Consensus Structure from related Sequences

  1. Prepare a sequence file (use file four.seq)
  2. Align the sequences
  3. Compute the consensus structure from the alignment
  4. Inspect the output files alifold.out,alirna.ps, alidot.ps
  5. For comparison fold the sequences individually using RNAfold
	  $ clustalw2 four.seq > four.out
	  $ RNAalifold -p four.out
	  $ RNAfold -p < four.seq

RNAalifold output:
	__GCCGAUGUAGCUCAGUUGGG_AGAGCGCCAGACUGAAAAUCAGAAGGUCCCGUGUUCAAUCCACGGAUCCGGCA__
	..(((((((..((((.........)))).(((((.......))))).....(((((.......))))))))))))...
	 minimum free energy = -15.07 kcal/mol (-13.50 +  -1.57)
	..(((((((..((((.........)))).(((((.......))))).....(((((.......))))))))))))...
	 free energy of ensemble = -15.63 kcal/mol
	 frequency of mfe structure in ensemble 0.405193
RNAfold output:
	>M10740 Yeast-PHE
	GCGGAUUUAGCUCAGUUGGGAGAGCGCCAGACUGAAGAUUUGGAGGUCCUGUGUUCGAUCCACAGAAUUCGCA
	((((((((........((((.((((((..((((...........))))..))))))..))))..)))))))). (-21.00)
	(((((((,...,,.{,((((.((((((..((((...........))))..))))))..))))),)))))))). [-22.55]
	(((((((.........((((.((((((..((((...........))))..))))))..))))...))))))). {-19.50 d=8.36}
	 frequency of mfe structure in ensemble 0.0805133; ensemble diversity 13.62 
	>K00349 Drosophila-PHE
	[...]

The output contains a consensus sequence and the consensus structure in dot-bracket notation.
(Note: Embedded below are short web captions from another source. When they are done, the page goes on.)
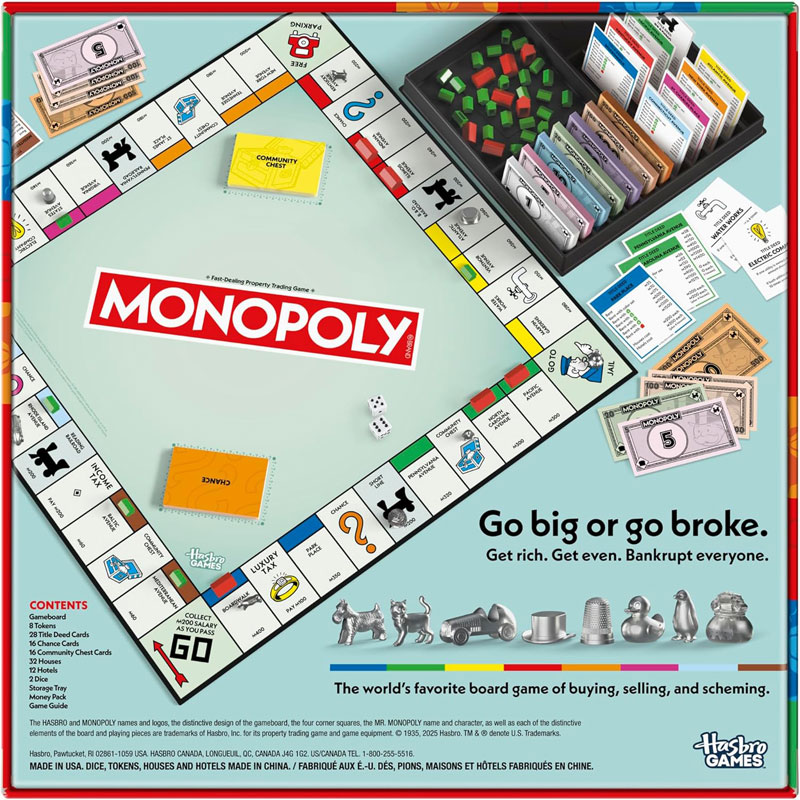 Hasbro Επιτραπέζιο Monopoly Classic Game Refresh G0009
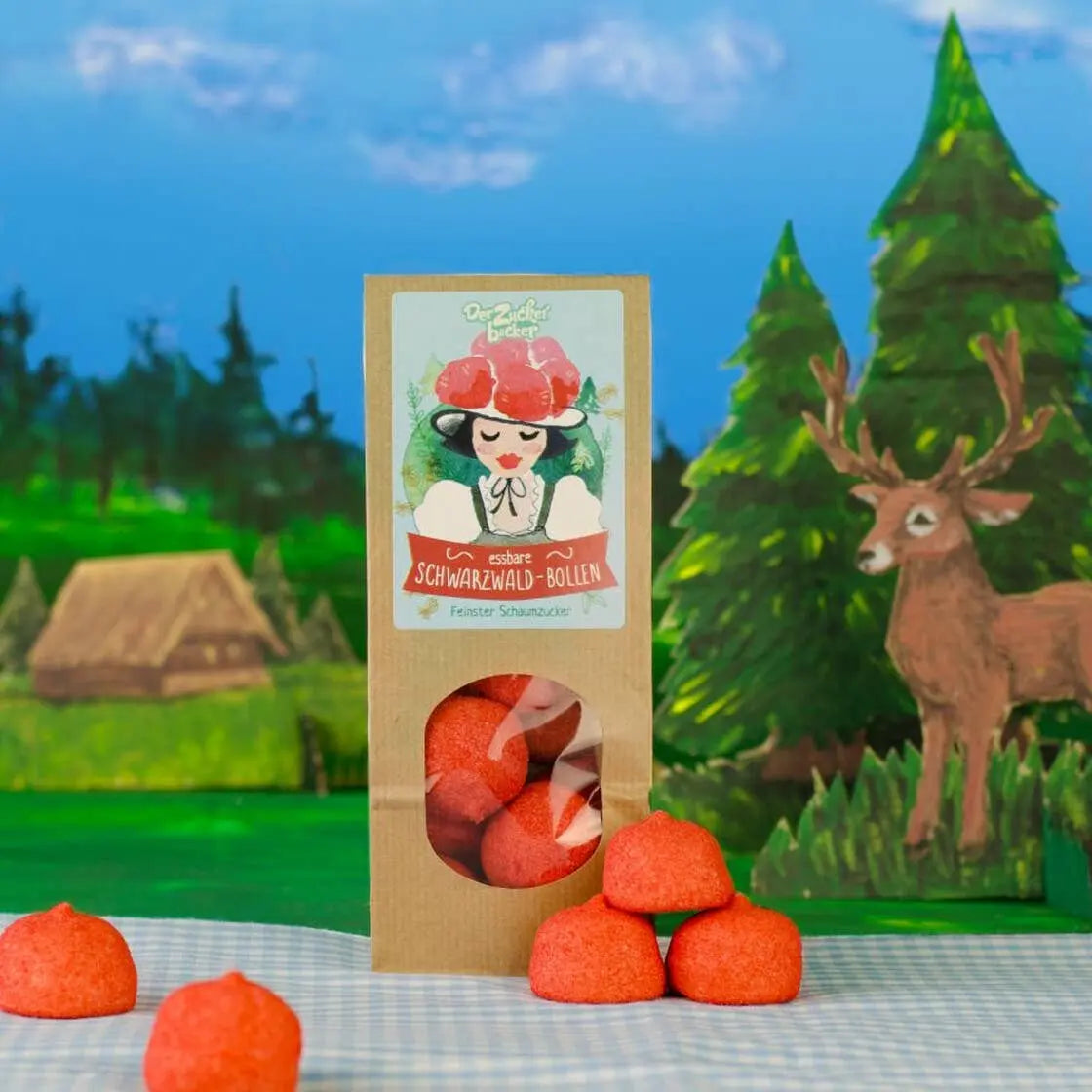 Schwarzwald-Bollen Lucky Bag Red Marshmallows Strawberry Der Zuckerbäcker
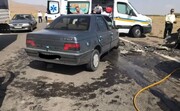 تصادف در بلوچستان ۶مجروح و ۲کشته بر جا گذاشت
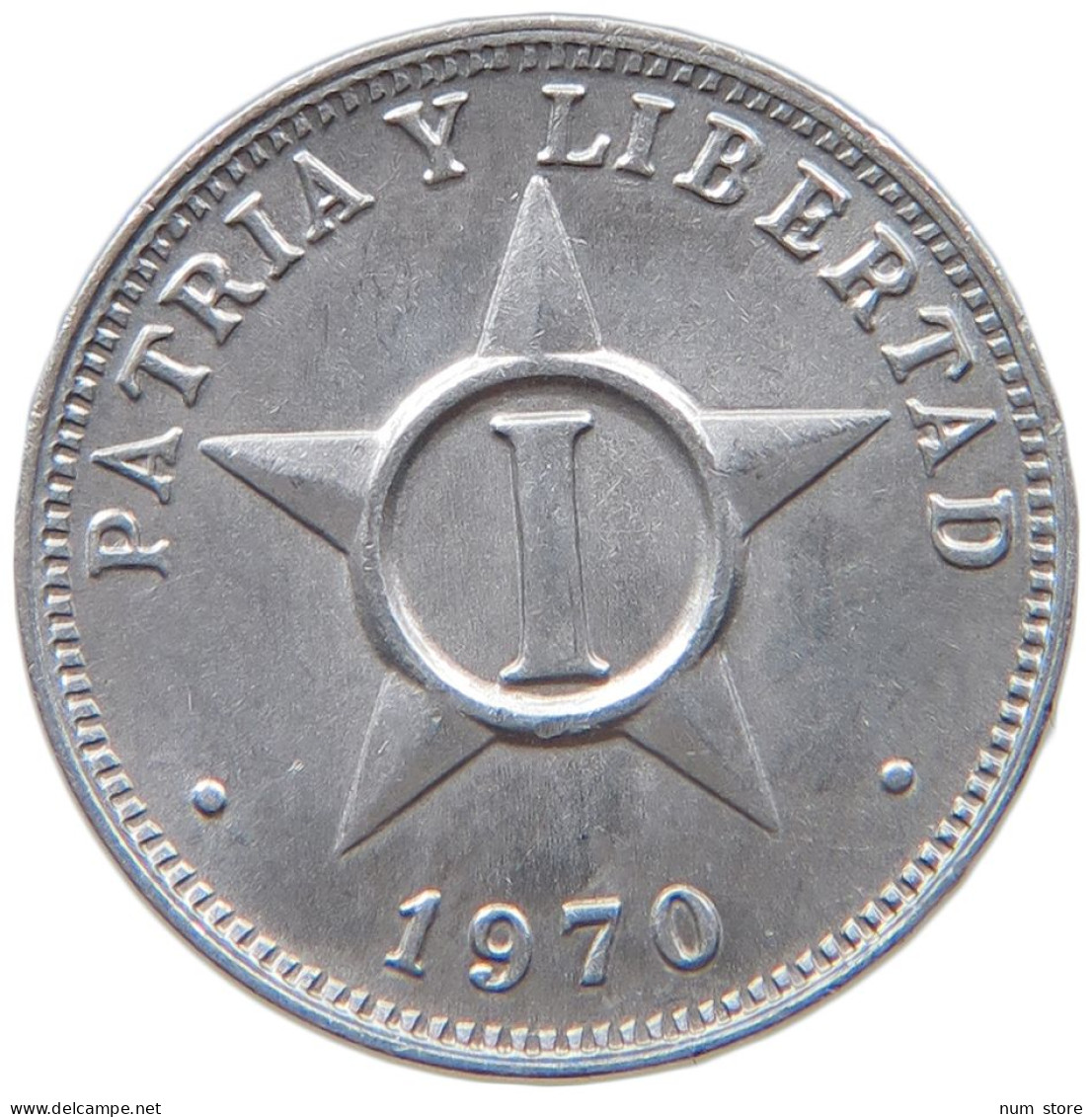 CUBA CENTAVO 1970  #MA 073248 - Cuba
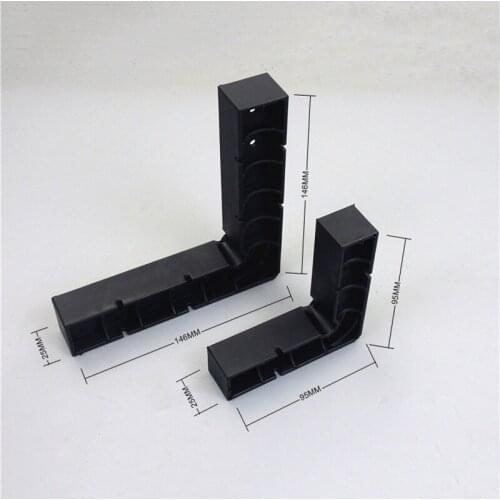 Plastic 90 Degree Positioning Squares Right Angle Clamps Woodworking Carpenter Tool Lightweight L Block Square
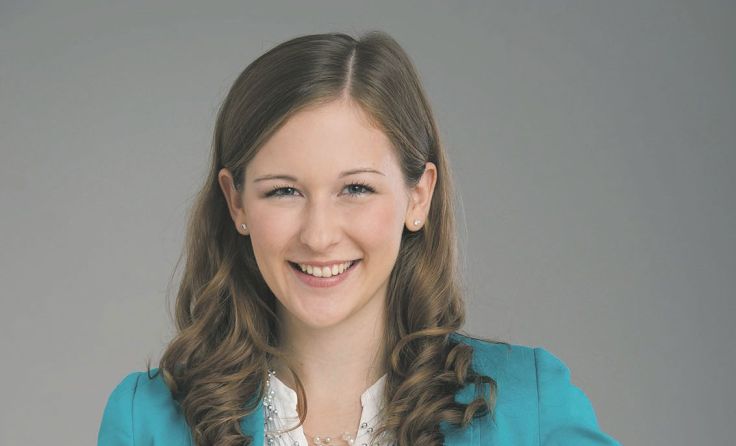 Claudia Plakolm ist die jüngste Gemeinderätin in Walding. Foto: JVP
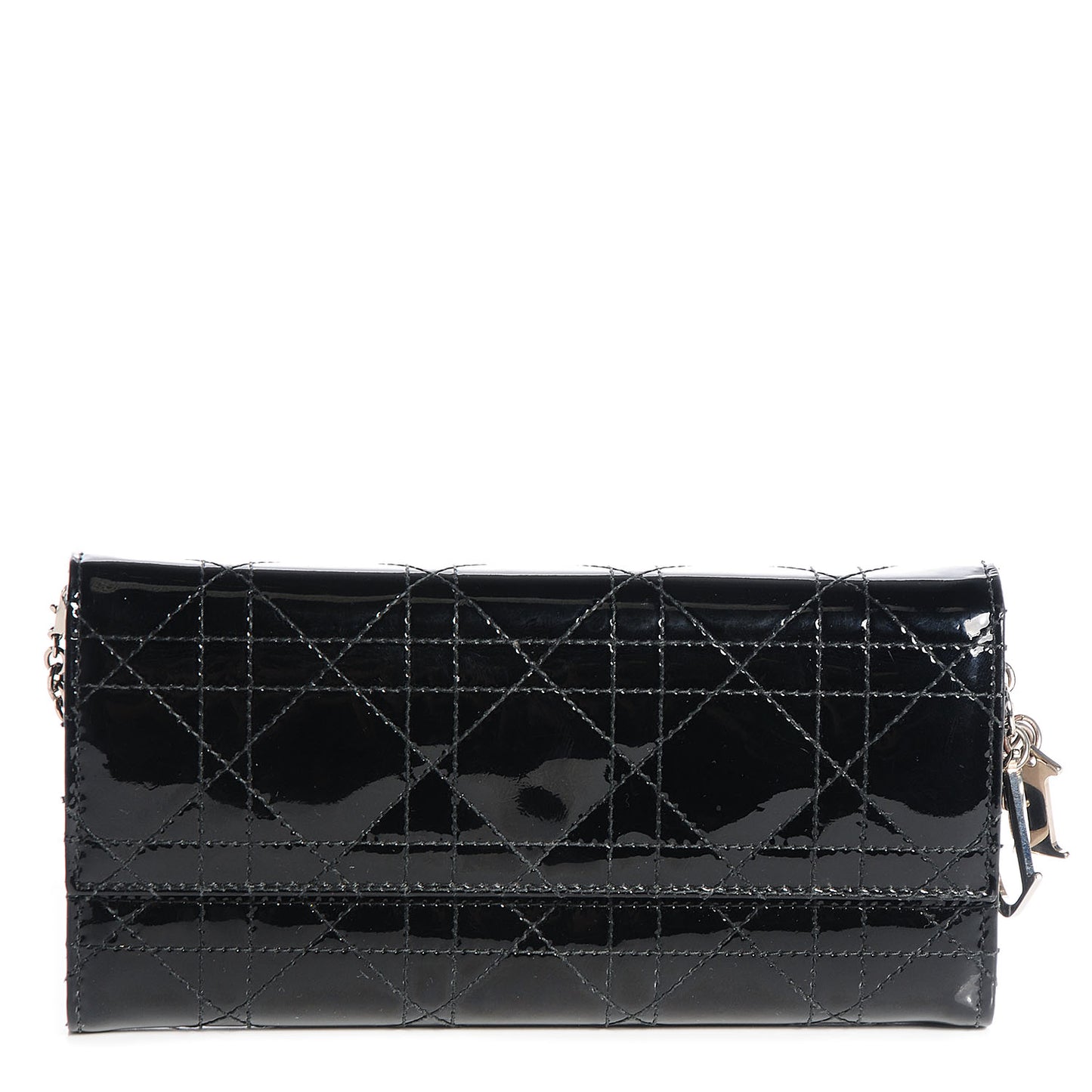 Patent Cannage Rendez-vous Chain Wallet Black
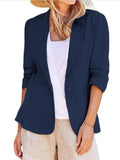 Women's Summer Solid Color Single Breasted Lapel Suit Coat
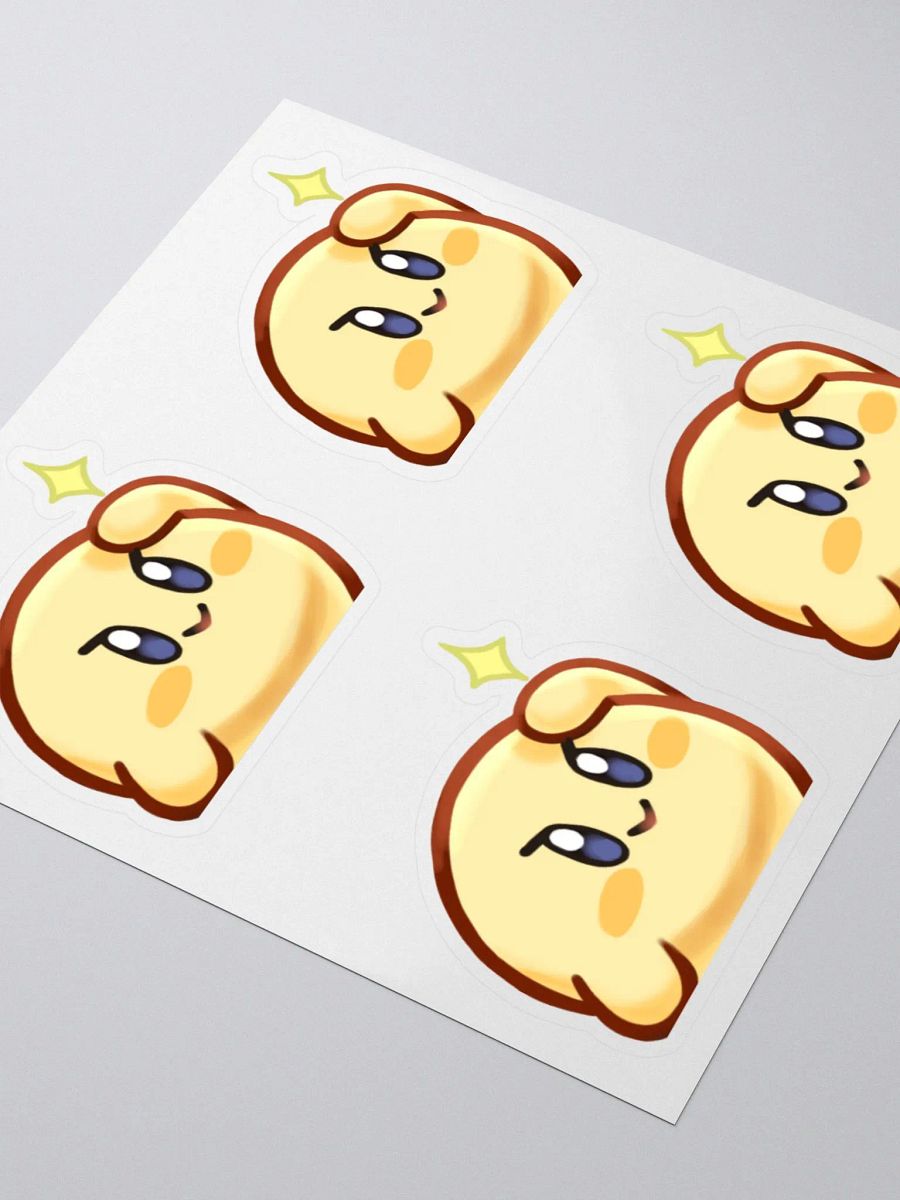 Kirb Salute 4 Sticker Sheet product image (3)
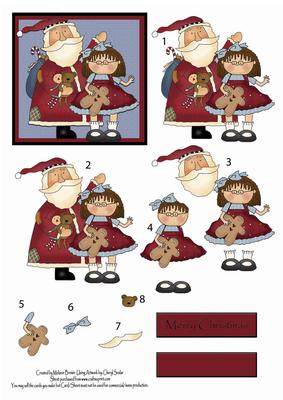 I Love Santa 1 Decoupage Topper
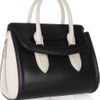Alexander Mcqueen Heroine Small Leather Tote in Black - Lyst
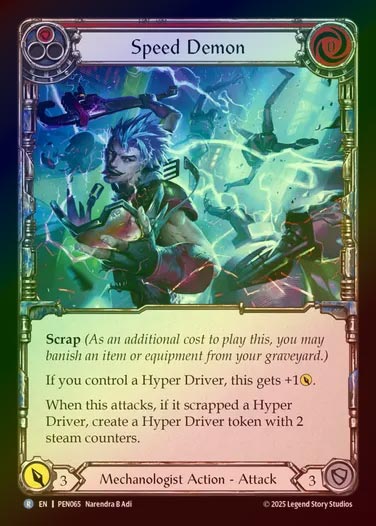 【RF】【EN】[Mechanologist] スピード・デーモン/Speed Demon (red)  [PEN065-R]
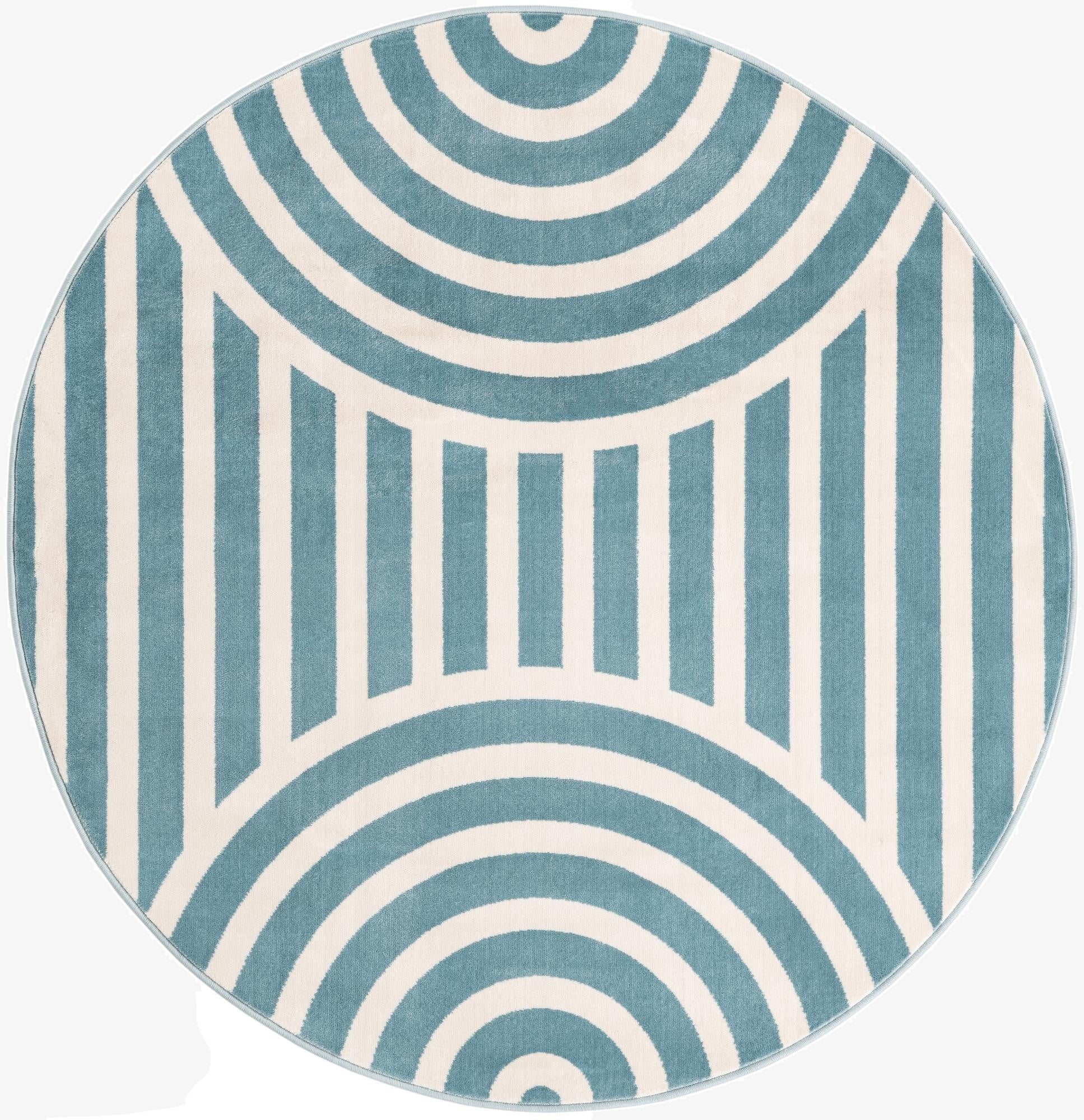  5' 3 x 5' 3 Whimsy Kids Round Rug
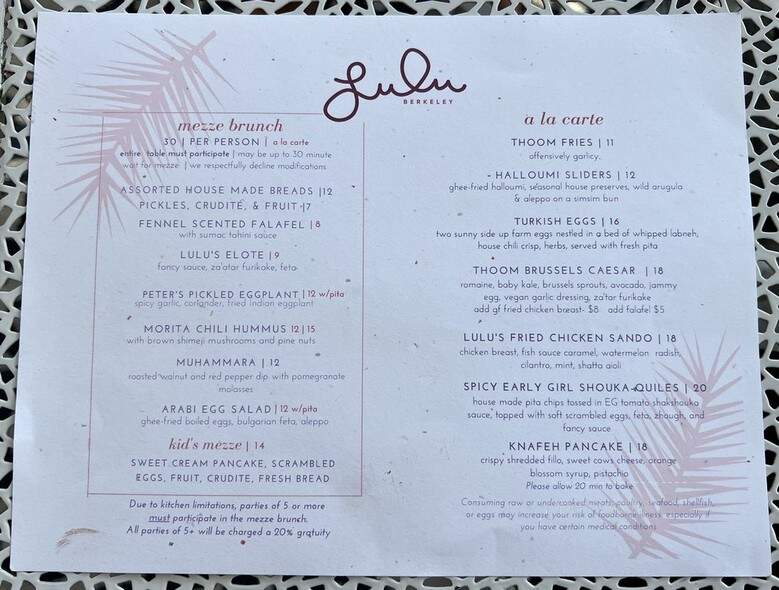 Lulu Berkeley - Berkeley, CA menu_pic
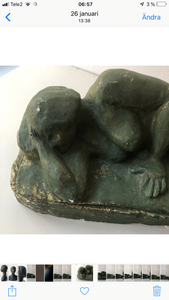 Grön Skulptur Kvinna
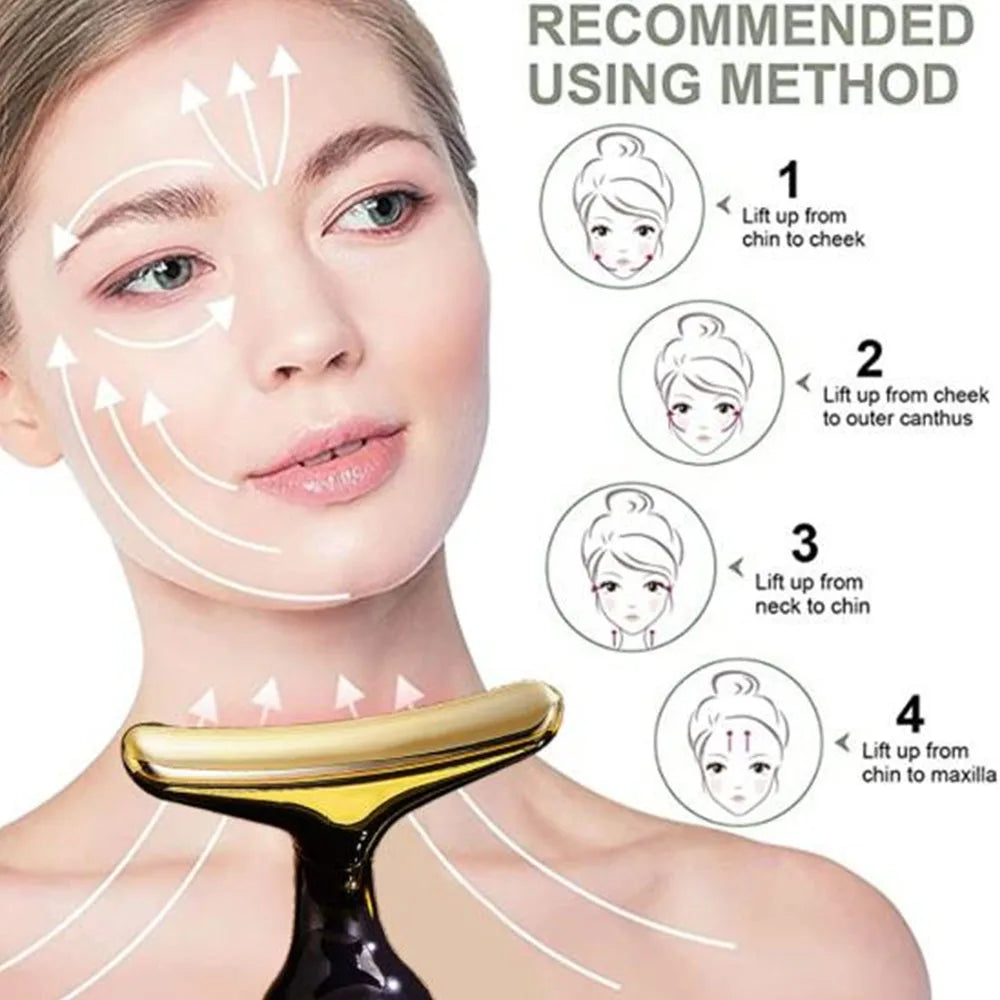 3-in-1 Face Massager – Neck, Facial, and Eye Massage - Euphoryas Permanent Makeup by Yas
The consensus structure has an energy of $-15.07$ kcal/mol, which in turn consists of the average free energy of the structure $-13.50$ kcal/mol and the covariance term $-1.57$ kcal/mol. The strongly negative covariance term shows that there must be a fair number of consistent and compensatory mutations, but in contrast to the average free energy it's not meaningful in the biophysical sense.

Compare the predicted consensus structure with the structures predicted for the individual sequences using RNAfold. How often is the correct ``clover-leaf'' shape predicted?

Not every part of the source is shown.